Applying Deep Learning and Multi-Task Learning to predict biological target profiles for drug candidates. A short project I pursued within SABS CDT, supervised by Garrett Morris (Dept. of Statistics) and Thierry Hanser (Lhasa Ltd). Here is a quick documentation for my scripts/data/results and how to use them.
Data : The files Interactions_Trainset.tab, Interactions_Validset.tab and Interactions_Testset.tab contain the interactions used for training, validating and testing respectively. The test-set was formed as a roughly balanced selection between active and inactive compounds. More about the data can be found in my report. All these files contain triplets as target-ID, compound-ID, pIC50, one line per interaction, and have occured after processing interactions_kinases_all.tab which contains all the interactions fetched for 797 kinases.
Most of the computational experiments conducted for this project are implemented in the following Python notebooks:
-
Project_SingleTL_CrossVal
: This jupyter notebook compares four single-task methods -- RF, Lasso regression and two NN approaches -- for regressing bioactivity data, with one model per target. RF, LR and the first NN are deployed from Scikit-learn and the second NN (lebelled asmyNN
) is implemented with Keras. -
Project_MTL_CrossVal
: This is similar to the previous notebook but from a multi-task perspective, where we train one model for all the 110 targets. Parameter and architecture selection is conducted with cross-validation. We also explore the use of dropout in a MTL NN. Dropout is useful as it can make the model probabilistic and thus offer the option to produce confidence levels for each prediction. -
Project_Benchmarking
: A notebook that applies and compares all six methods on the validation set and measures time complexity. There's no training here and pre-trained models need to be loaded. -
Project_Self-training
: The application, and comparison, of two methods that are able to self-train for regression. -
Project_Final_Test
: This is used for the final evaluation of our project. It compares RF with MTL on their ability to impute new values. Important notice: The file containing fingerprints for every compound is needed here but not included in the git-repo due to size limitations.

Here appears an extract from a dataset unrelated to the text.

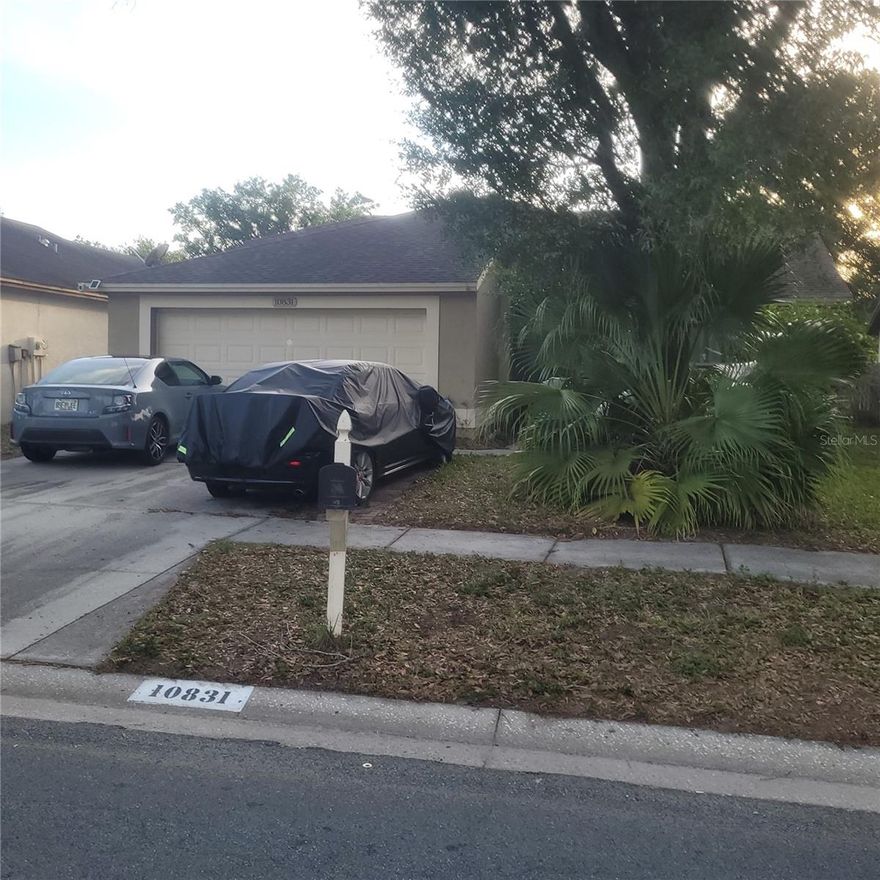 Cozy home centrally located near shopping mall,  restaurants, and entertainment. Easy acces to interstates. Nice fenced in backyard.  Screened in lanai. Family oriented neighborhood with a community park. Tile and laminate throughout. Chair rails accent walls.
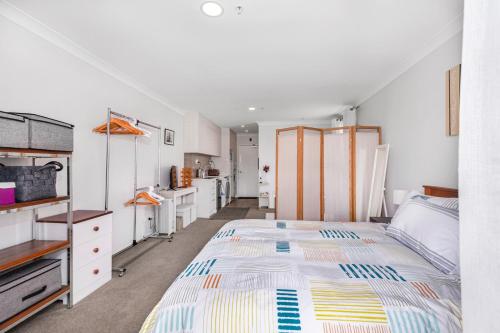 Ένα ή περισσότερα κρεβάτια σε δωμάτιο στο Harbourside Haven - Whangaparāoa Studio Apartment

Demos : is a folder with html versions of some of the .ipynb for presenting the pipeline+results quickly.
For all the above, the only input we used as features are the ECFP4, calculated by RDkit. We also ran a few experiments using feature-based fingerprints (FCFP) and the corresponding materal is under the FCFP folder. The rest of the folders are less important and description is skipped at this point.
For more details as well as references please have a look at the report (which is still in-progress!).